Interactive recall latency (FTS) and session context

This note is for operators and OpenClaw core contributors debugging long before_agent_start / auto-recall stalls (e.g. WhatsApp 408 / Connection Closed while the embedded run has not started).

Why FTS can report 30–50s even with ~12k indexed rows

Row count alone does not cap work. Several factors stack:

facts.db size — Large files (e.g. tens of MB+) often mean large text / summary / why columns and fact_embeddings BLOBs in SQLite, not “millions of rows.” Full-row reads and joins are expensive.
FTS MATCH expression size — Long prompts are turned into many OR‑joined terms; a huge MATCH can dominate CPU and I/O.
busy_timeout — SQLite may wait up to the configured busy timeout (see plugin SQLITE_BUSY_TIMEOUT_MS) when another statement holds the connection; wall time can look like “FTS took 50s” when it is wait + query.
Synchronous node:sqlite on the gateway thread — Heavy SQLite work blocks the same process as the WebSocket / channel client; stage timeouts (INTERACTIVE_RECALL_STAGE_TIMEOUT_MS) abort the async recall stage but cannot cancel an in-flight synchronous query.
Disk / AV / WSL — Real-time antivirus or sync on the DB path, or slow I/O under WSL2, multiplies any of the above.

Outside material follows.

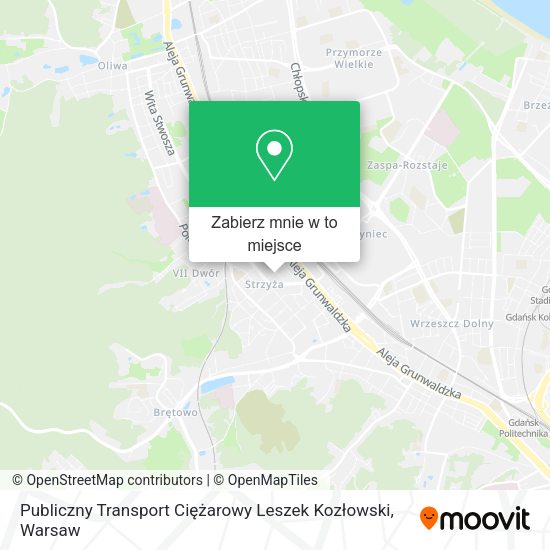 Mapa Publiczny Transport Ciężarowy Leszek Kozłowski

Mitigations in hybrid-memory (plugin): interactiveFtsFastPath on FactsDB.search() (auto-recall) caps OR terms and uses a two-phase id fetch to avoid loading full rows until the top FTS matches are chosen. Operational: PRAGMA optimize, backup + VACUUM if fragmentation is suspected, exclude ~/.openclaw from aggressive real-time scanning on Windows.

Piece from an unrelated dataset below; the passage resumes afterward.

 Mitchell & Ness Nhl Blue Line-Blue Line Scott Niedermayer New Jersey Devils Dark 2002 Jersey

Workaround: plugins.entries.openclaw-hybrid-memory.config.autoRecall.enabled = false disables recall on the hot path (confirms recall overlap with channel timeouts).

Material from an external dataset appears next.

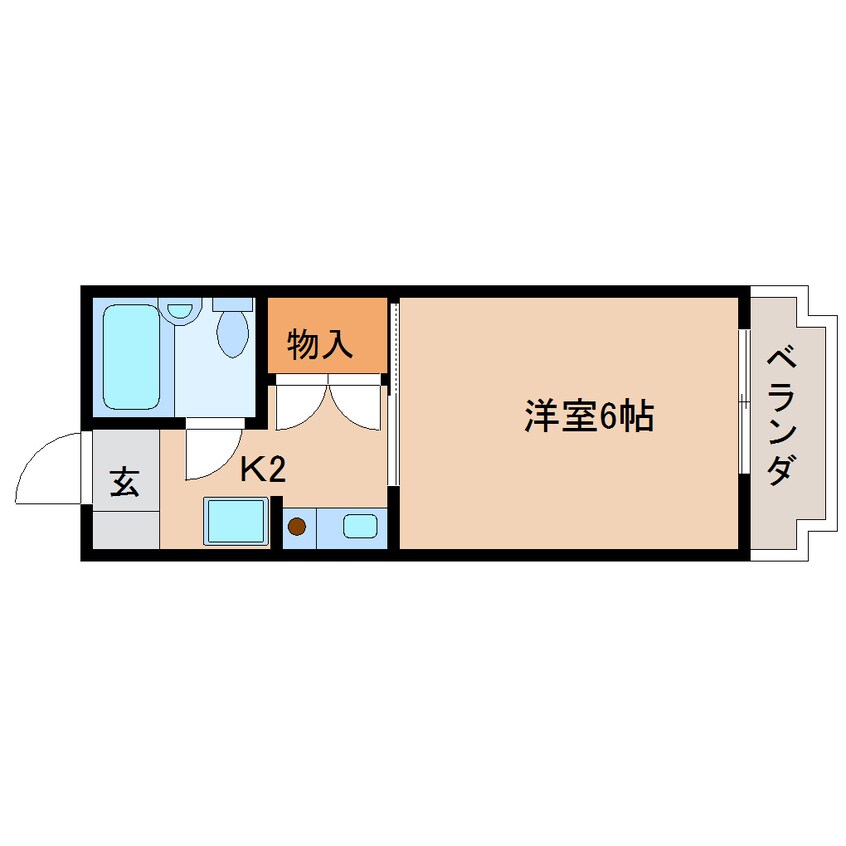 間取図 東海道本線/静岡駅 バス21分北安東三丁目下車:停歩2分 2階 築36年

Agent id on routed channels (e.g. WhatsApp)

If logs show Agent detection failed - no agentId in event payload or api.context, the plugin fell back to the orchestrator id for currentAgentIdRef, which can confuse scope, event log, and session cleanup (“main” vs routed agent).

Preferred fix (OpenClaw gateway): populate api.context.agentId (and related session fields) for every before_agent_start invocation on routed channels.

Plugin-side: resolveAgentIdFromHookEvent() in lifecycle/resolve-agent-id.ts also checks common event shapes (session.agentId, session.agent, session.routedAgentId, run.agentId, context.agentId, nested activeAgent.id). If your gateway uses a different key, add it there or align the payload with one of these.